組織におけるチームとは、一人ひとりの力の足し算だけで、その総量が決まるものではない。そこにチームとしての、目に見えない力も加わってチーム力となる。そして、そのような集団をビジネスの世界でつくり出す手法が「チームコーチング」だ。では、この手法をどうすれば企業で活用することができるのか――。企業へのチームコーチングにおいて数々の実績をもつ、株式会社日本チームコーチング協会の取締役である田近秀敏氏が「組織開発の新手法『チームコーチング』の可能性」というテーマで講演を行った。
「今日はチームコーチングを、人のライフサイクルに例えながらお話したいと思います。人は青年期、壮年期、老年期それぞれの時期にやらなければならないことがありますが、その意味合いはそれぞれ違いますね。それでは、組織の場合には一体どうなるでしょうか――」。田近氏の問いかけから、講演は始まった。

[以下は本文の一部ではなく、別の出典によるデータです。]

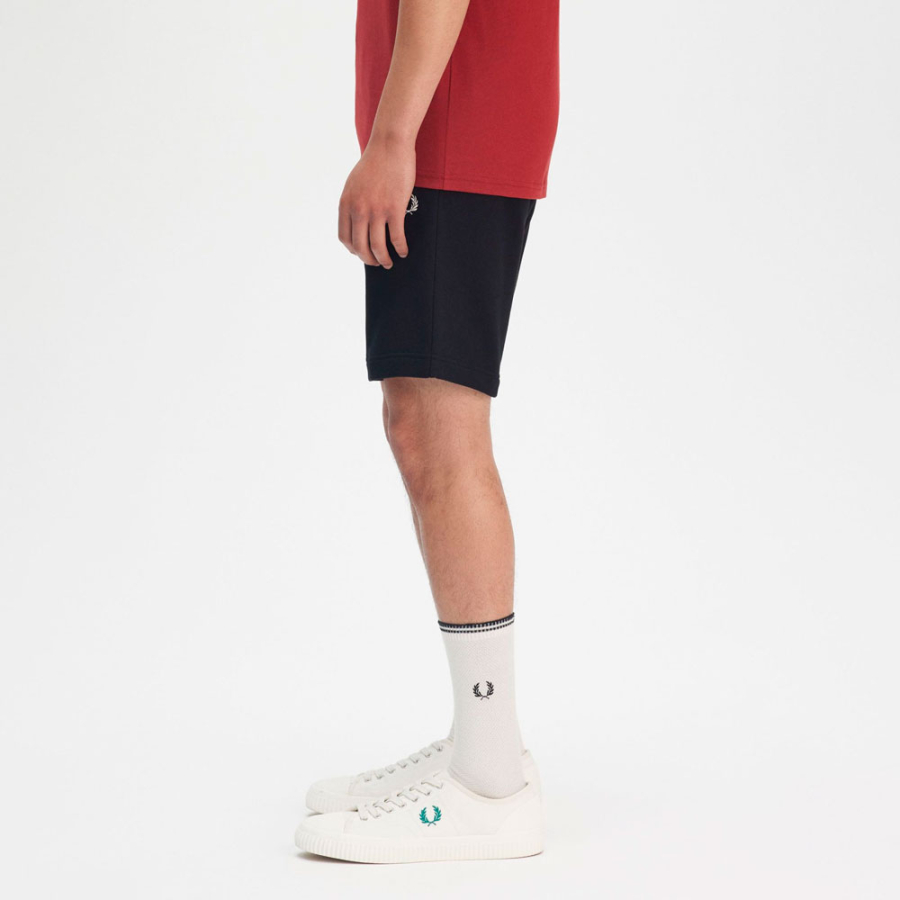 klassische-shorts-aus-sweatshirt-stoff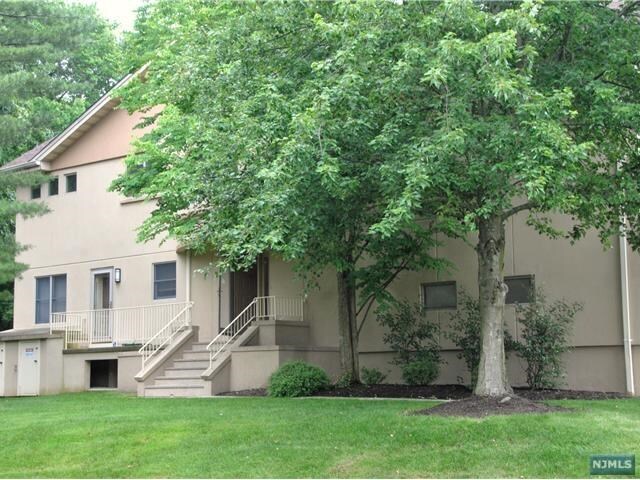 Primary Photo - 24 Rio Vista Dr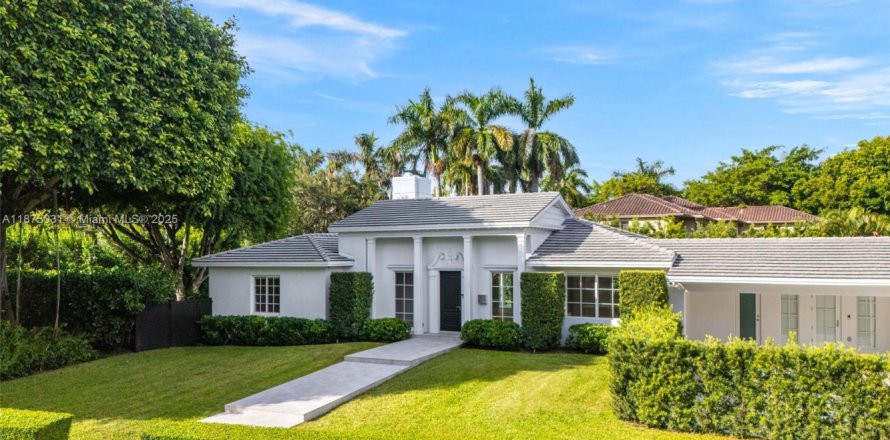 House in Miami, Florida 5 bedrooms, 402.64 sq.m. № 1981113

青年期の組織がやらなければならないことと、壮年期の組織がやらなければならないことは確実に異なる。しかし、壮年期の組織は力がついているので、青年期に果たせなかった夢に挑戦しようとする。しかし、大抵はうまくいかない。田近氏は「チームコーチングはプロセス指向」と語る。企業の青年期、壮年期、老年期といった時期を判断し、そのプロセスにアプローチすることが最も重要だそうだ。何を行うのかがあらかじめ決まっているようなコンテンツ指向とは、対極にあると言えるだろう。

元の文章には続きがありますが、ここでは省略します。